By-election, 2013: Nalhati
| Party |  | Candidate | Votes | % | ±% |
|---|---|---|---|---|---|
|  | AIFB | Dipak Chatterjee | 55,341 | 32.99 | −5.96 |
|  | INC | Abdur Rahaman | 47,595 | 28.38 | −20.27 |
|  | AITC | Biplab Kumar Ojha | 47,041 | 28.05 | +28.05 |
|  | BJP | Anil Singh | 12,219 | 7.28 | +0.46 |
|  | AIUDF | Md. Noorul Hoda | 1,953 | 1.16 |  |
|  | Independent | Dhananjoy Bandopadhyay | 1,368 |  |  |
|  | JP | Nurul Islam | 1,227 |  |  |
|  | Independent | Kaosar Sekh | 957 |  |  |
| Majority |  |  | 7,746 | 4.61 |  |
| Turnout |  |  | 167,701 | 85.76 |  |
|  | AIFB gain from INC |  | Swing |  |  |

=== 2011 ===
In the 2011 elections, Abhijit Mukherjee (son of Pranab Mukherjee) of Congress defeated his nearest rival Dipak Chatterjee of AIFB.
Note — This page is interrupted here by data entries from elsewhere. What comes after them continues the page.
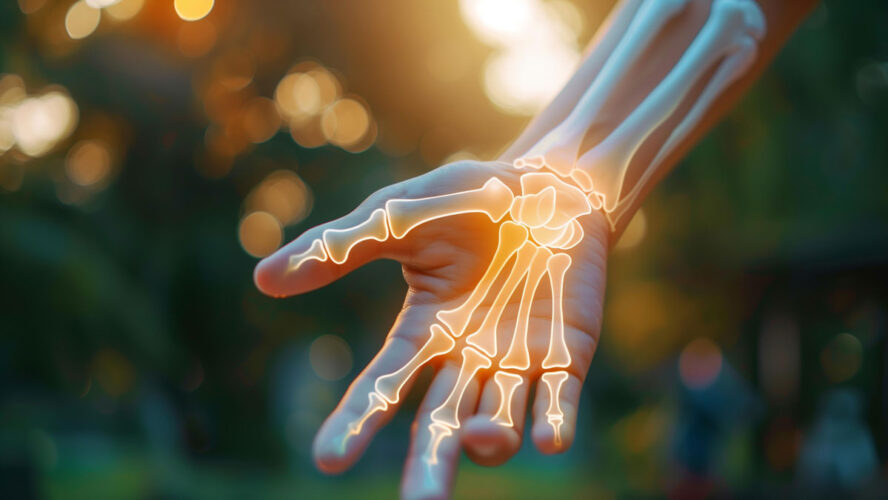 Phantom limb pain, hand with skeleton on it, physical injury joint body part healthy lifestyle ligament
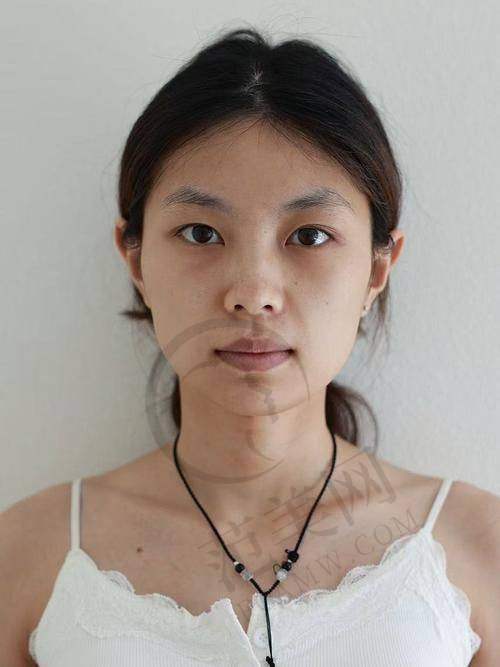 海口鹏爱整形特色项目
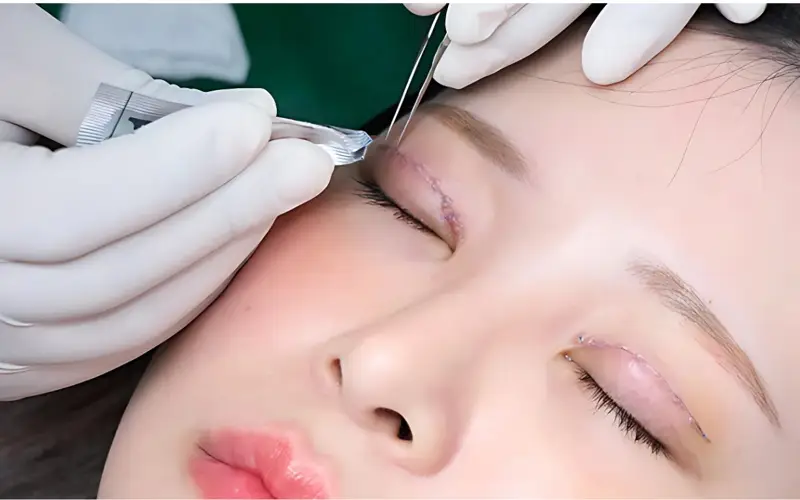 Cả cắt mí và bấm mí đều có những ưu nhược điểm riêng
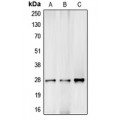 LifeSab™ C1R Rabbit pAb (50 µl)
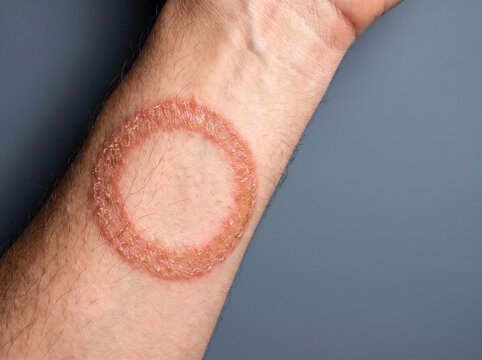 Tinea Corporis Ringworm Annular Lesion with Raised Scaly Border on Adult Forearm, Fungal Skin Infection Macro Medical Photograph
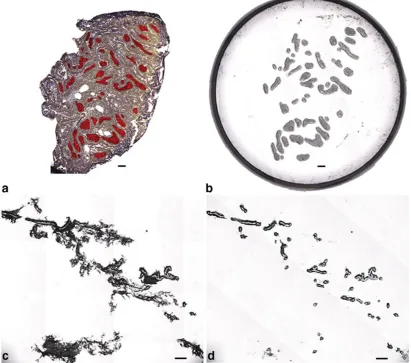 Fig. 3 a Unstained MA section showing AOIs marked in red. b Image of LCM cap showing captured epithelial AOIs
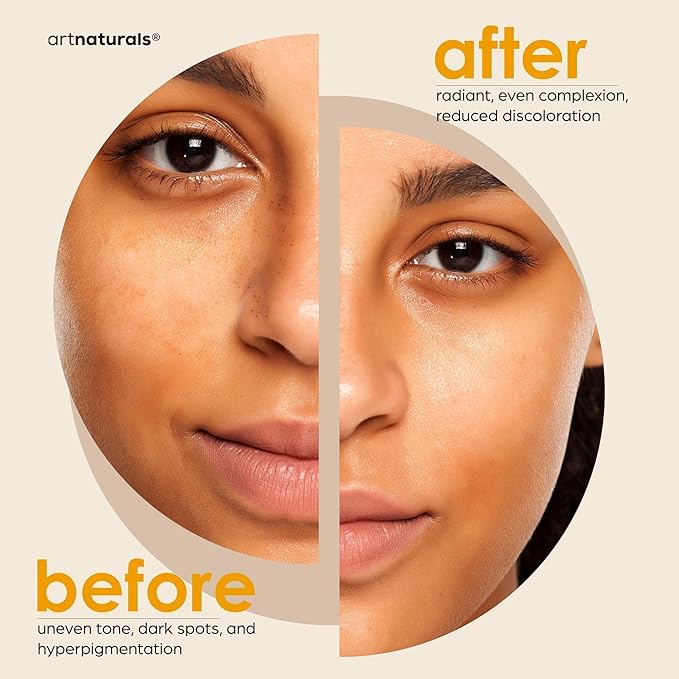 Kojic Acid Soap + African Net Sponge (2 pack X 142g Turmeric bars) Dark spot remover & Scars - Original Japanese Complex Vitamin C, Hyaluronic Acid, retinol, shea butter (Citrus)-VivaGrace Women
West Bengal assembly elections, 2011: Nalhati
| Party |  | Candidate | Votes | % | ±% |
|---|---|---|---|---|---|
|  | INC | Abhijit Mukherjee | 76,047 | 48.65 | +3.22# |
|  | AIFB | Dipak Chatterjee | 60,887 | 38.95 | −11.49 |
|  | BJP | Anil Singh | 10,656 | 6.82 |  |
|  | BSP | Bikash Mondal | 2,717 | 1.74 |  |
|  | Independent | Rudra Deb Ghosh | 1,516 |  |  |
|  | Independent | Ajrail Md. | 1,258 |  |  |
|  | SUCI | Rafiqul Hasan | 1,123 |  |  |
|  | Independent | Prabhat Kumar Mondal | 912 |  |  |
| Turnout |  |  | 156,329 | 88.55 |  |
|  | INC gain from AIFB |  | Swing | +14.71# |  |

.# Swing calculated on Congress+Trinamool Congress vote percentages taken together in 2006.

=== 2006 ===
In the 2006 assembly state assembly elections, Dipak Chatterjee of Forward Bloc won the Nalhati assembly seat defeating his nearest rival Abdul Walee Mollah of Congress. Contests in most years were multi cornered but only winners and runners are being mentioned. In 2001 and 1996 Kalimuddin Shams of Forward Bloc defeated Sharif Hossain of Congress. Sattick Kumar Roy of Forward Bloc defeated Madan Mohan Mandal of BJP in 1991, Brindaban Saha of Congress in 1987 and Sachidanandan Sau of Congress in 1982. Bhabani Prasad Chattopadhyay of Forward Bloc defeated Abhoy Charan Das of Congress in 1977.

=== 1972 ===
Golam Mohiuddin, Independent, won in 1972, 1971, 1969 and 1967. Shiromani Prasad of Congress won in 1962. In 1957 Nalhati was a joint seat. Mohammad Yeakub Hossain and Sisir Kumar Saha, both of Congress, won from Nalhati. In independent India's first election in 1951 Mohammad Yeakub Hossain of Congress won.